## EXERCISE DETAILS
Pictures do not belong in the copy; transcribe everything else in the records exactly.

## SOURCE RECORDS
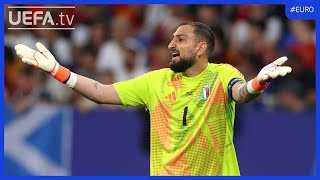 Gianluigi Donnarumma  EURO 2024 Saves [upl. by Vinnie]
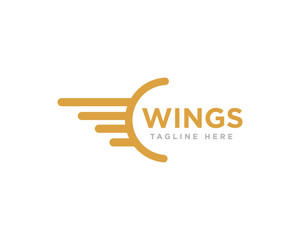 Wings Logo Icon Design Vector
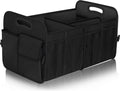 Trunk Organizer 72L Large Capacity Collapsible Car Storage - Black
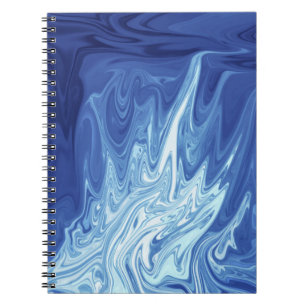Watercolor abstract pattern notebook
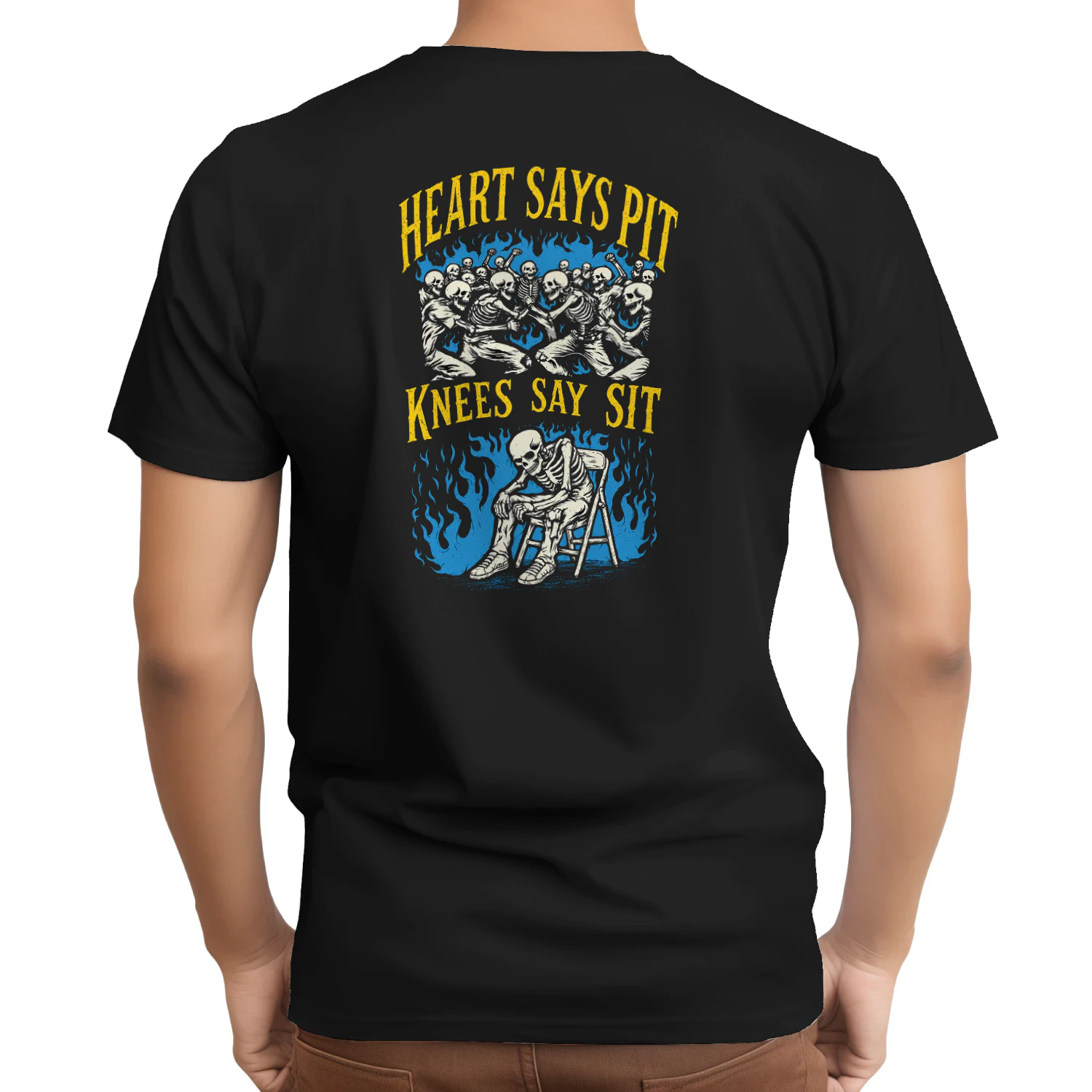 Heart Says Pit Knees Say Sit Shirt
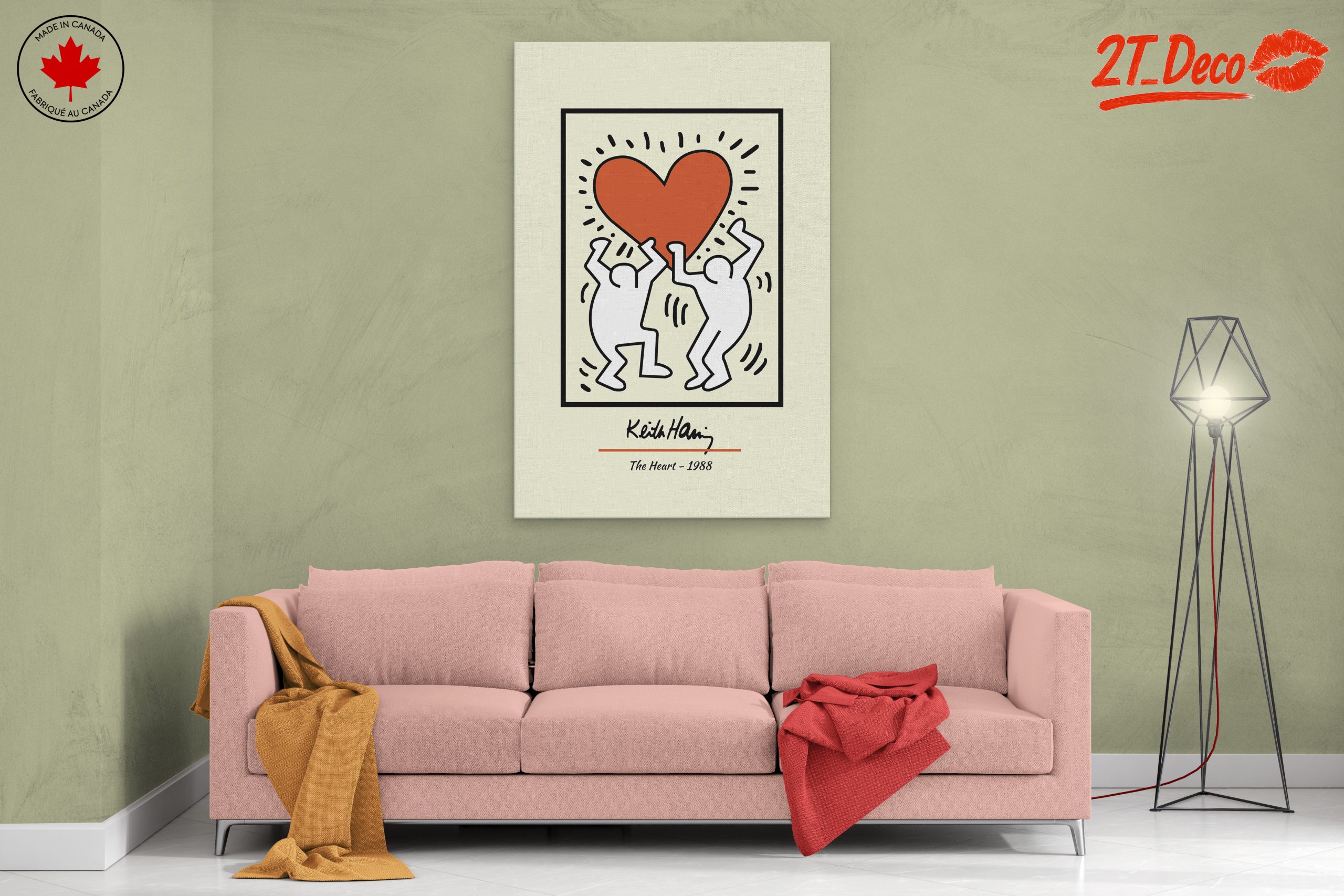 Keith Haring Inspirational Heart Artwork - Image 2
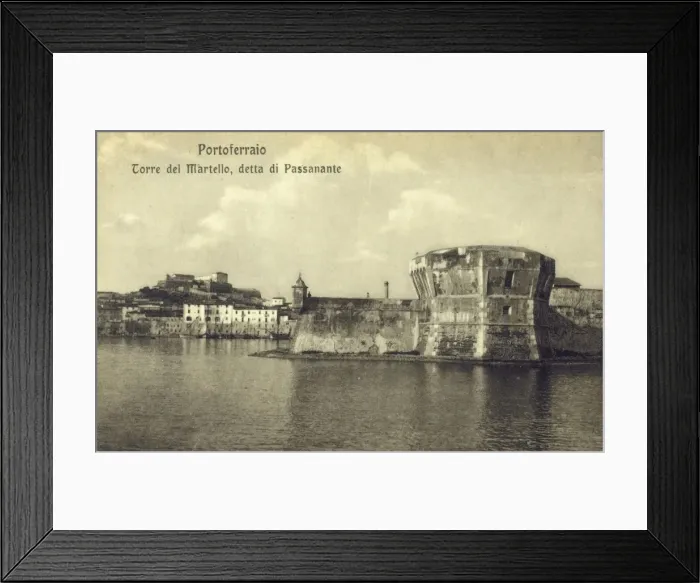 Framed Print : Portoferraio, Italy - Torre del Martello, detta di Passanant Framed Print : Portoferraio, Italy - Torre del Martello, detta di Passanant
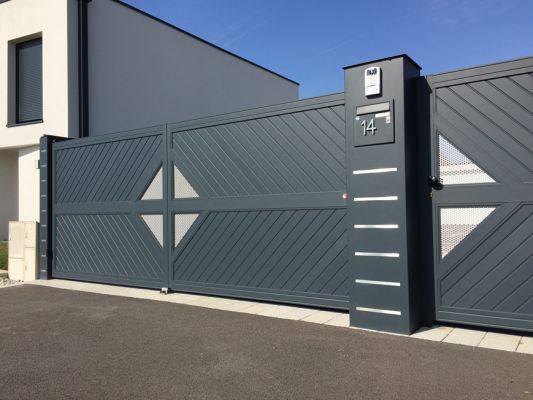 Gensbittel - Gensbittel ; fabrication de portails en alu sur mesure à Colmar, à Mulhouse, dans le Haut-Rhin (68)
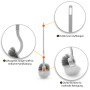 BigDean Klobürsten-Set, 4 weiße WC-Bürsten mit Randreiniger und Klebehaken.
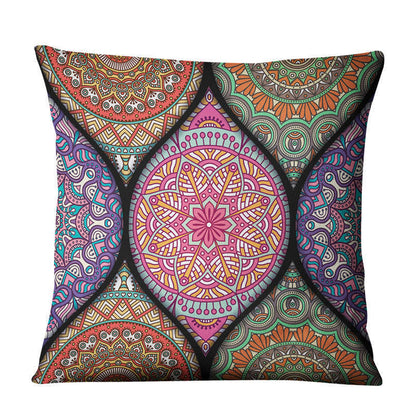 Natural Linen Pillow Cushion Cover – Breathable Decorative Pillowcase for Sofa & Home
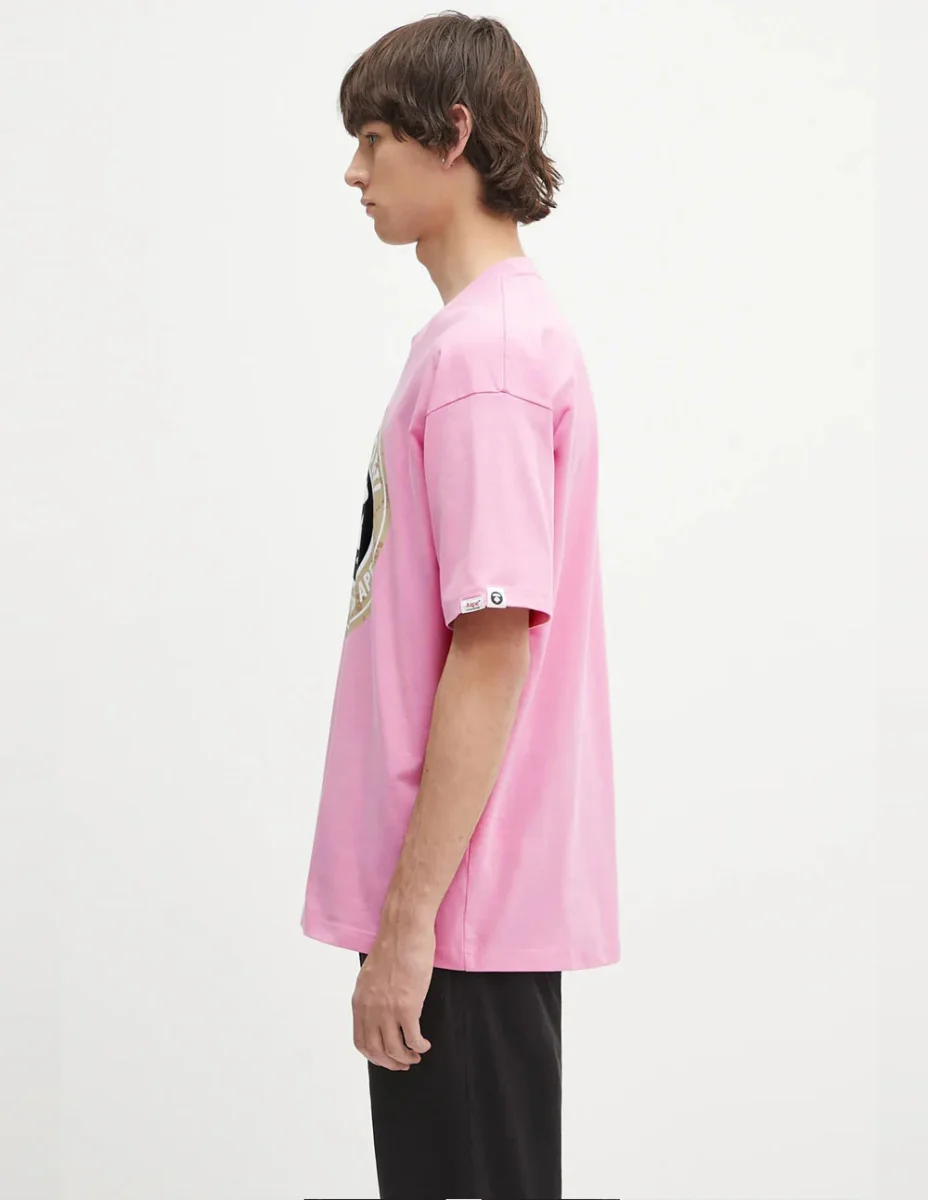 Camiseta AAPE BY A BATHING APE Basic Rosa Hombre - Imagen 3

## ANSWER SECTION
 Gianluigi Donnarumma  EURO 2024 Saves [upl. by Vinnie]
 Wings Logo Icon Design Vector
 Trunk Organizer 72L Large Capacity Collapsible Car Storage - Black
Watercolor abstract pattern notebook
 Heart Says Pit Knees Say Sit Shirt
 Keith Haring Inspirational Heart Artwork - Image 2
 Framed Print : Portoferraio, Italy - Torre del Martello, detta di Passanant Framed Print : Portoferraio, Italy - Torre del Martello, detta di Passanant
 Gensbittel - Gensbittel ; fabrication de portails en alu sur mesure à Colmar, à Mulhouse, dans le Haut-Rhin (68)
 BigDean Klobürsten-Set, 4 weiße WC-Bürsten mit Randreiniger und Klebehaken.
 Natural Linen Pillow Cushion Cover – Breathable Decorative Pillowcase for Sofa & Home
 Camiseta AAPE BY A BATHING APE Basic Rosa Hombre - Imagen 3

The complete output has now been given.